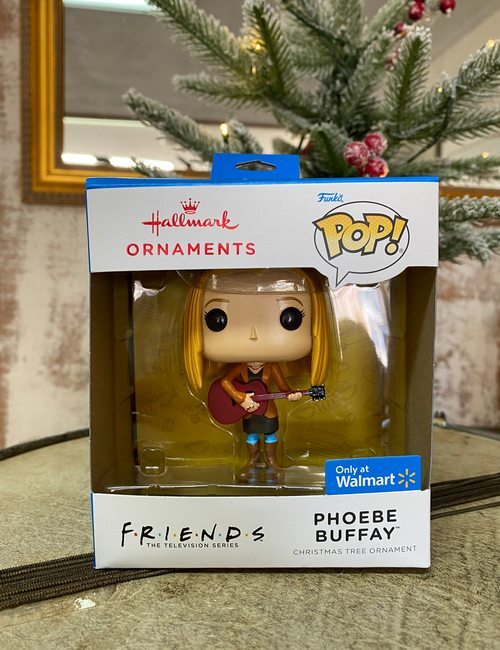 Hallmark Funko POP Friends Phoebe Buffay Christmas Tree Ornament New Smelly Cat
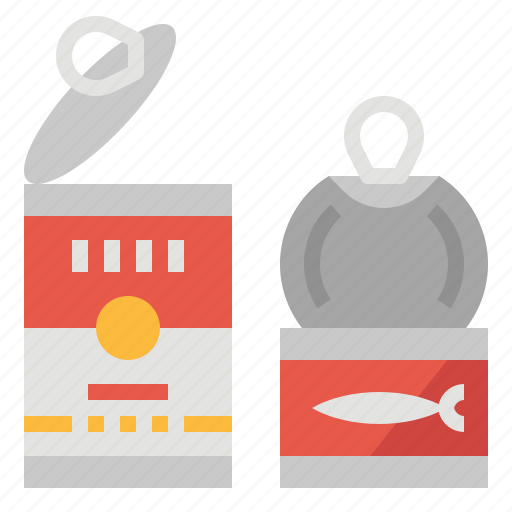 Camping, canned, food, goods, meal icon - Download on Iconfinder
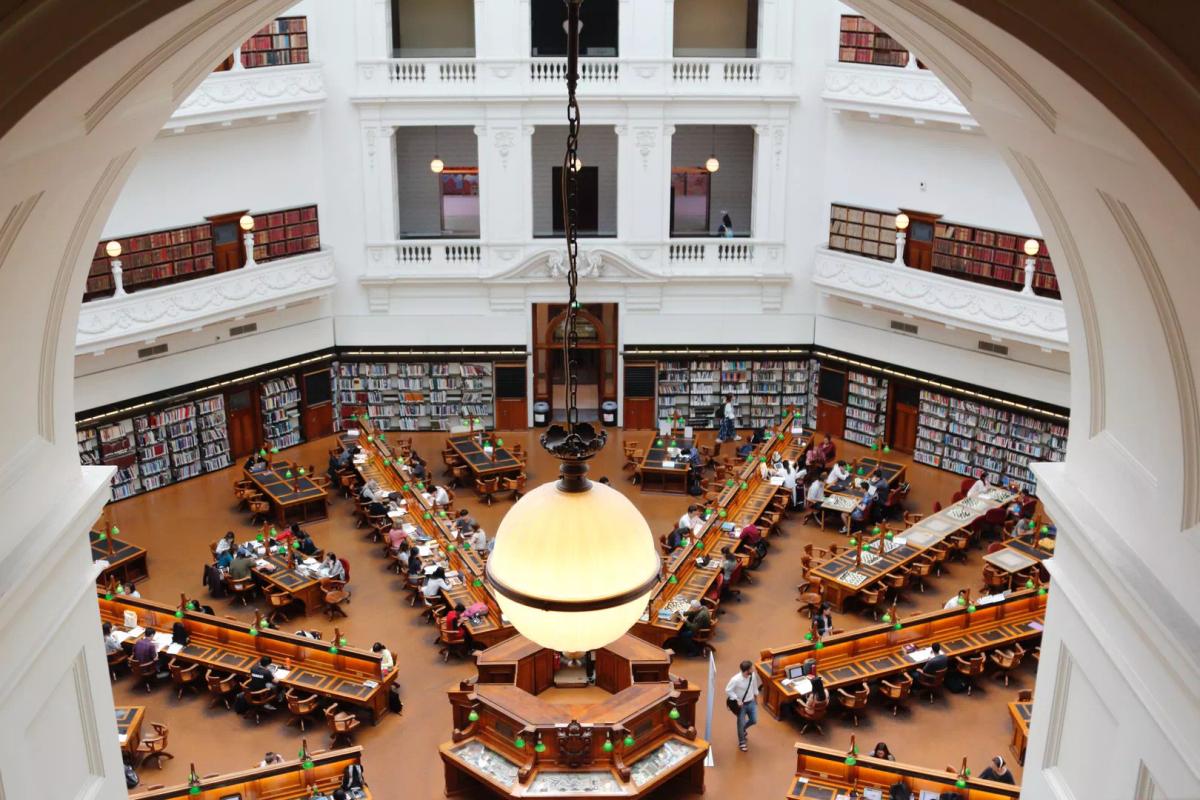 State Library Victoria, Pusat Literasi dan Perubahan Sosial di Melbourne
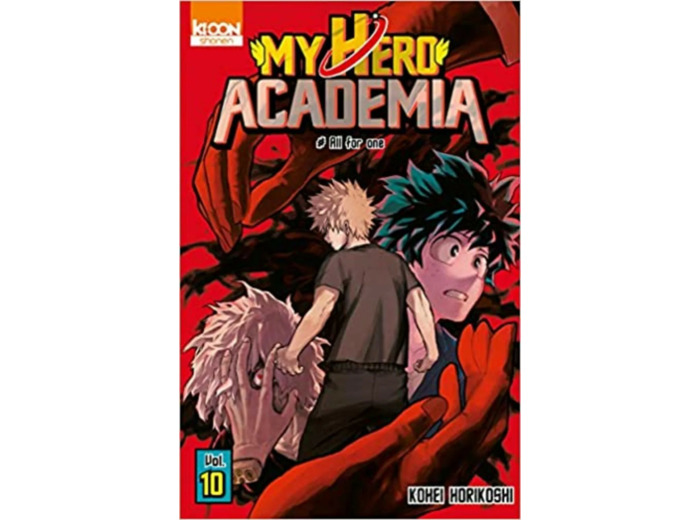 Livre My Hero Academia, Tome 10 : All for one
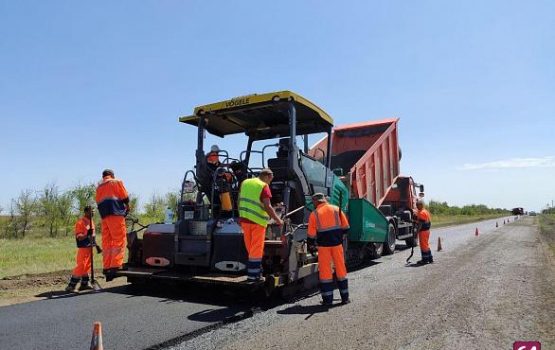 В Саратовской области капитально отремонтируют трассу до Казахстана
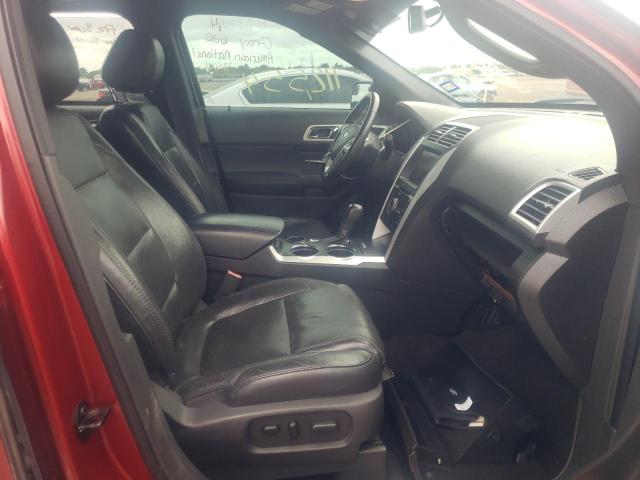 Photo 5 from auction – 2013 FORD EXPLORER L with VIN 1FM5K7F87DGB05942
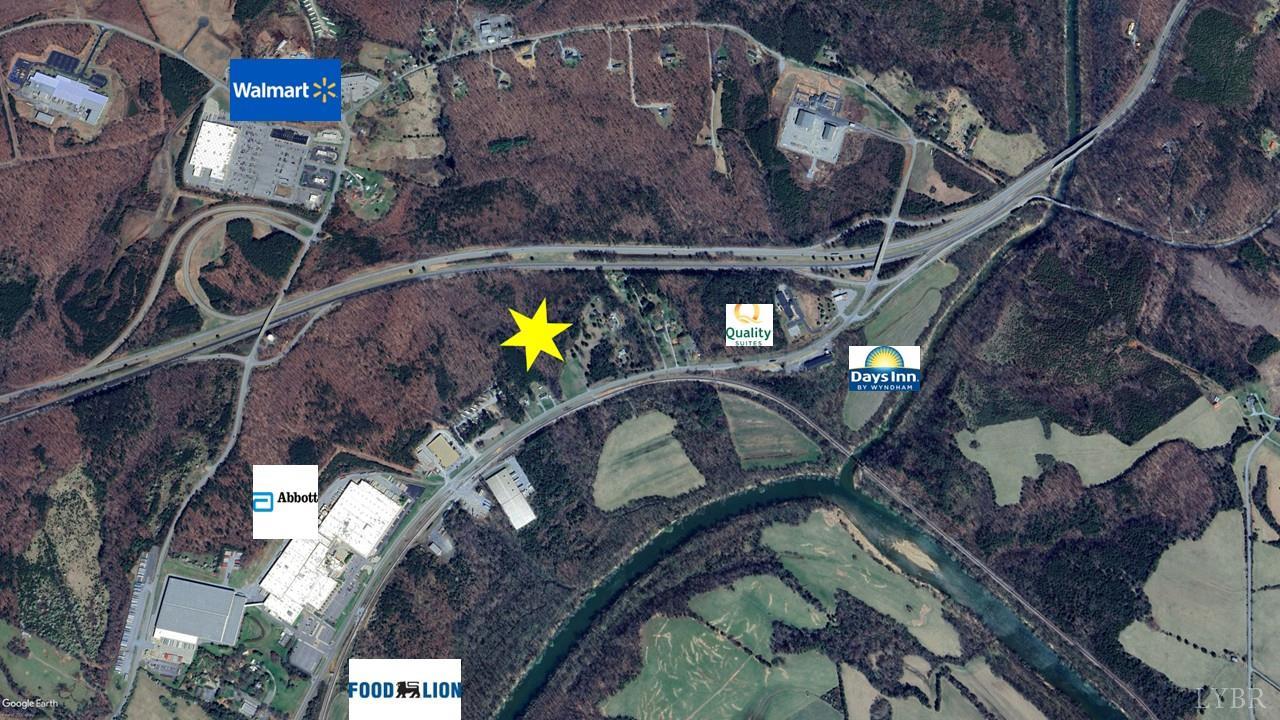 1536 Main Street Altavista, VA 24517 - Photo 3 of 3 a view of swimming pool with a yard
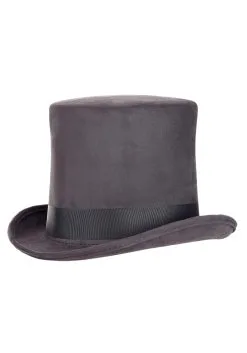 Elope Adult Gray Top Hat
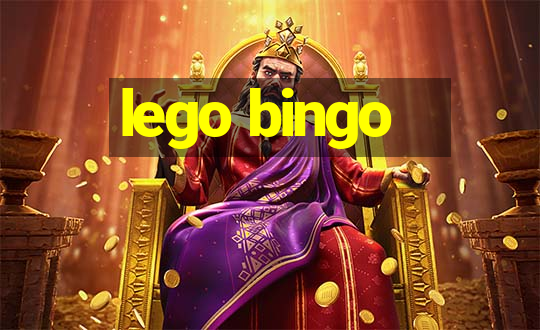 lego bingo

ACTIVITY
All lines from the one with "В Саратовской области" through the end of the records above must be reproduced exactly, both ends included, and the pictures must be left out.

ANSWER AREA
 В Саратовской области капитально отремонтируют трассу до Казахстана
 Photo 5 from auction – 2013 FORD EXPLORER L with VIN 1FM5K7F87DGB05942
 1536 Main Street Altavista, VA 24517 - Photo 3 of 3 a view of swimming pool with a yard
 Elope Adult Gray Top Hat
 lego bingo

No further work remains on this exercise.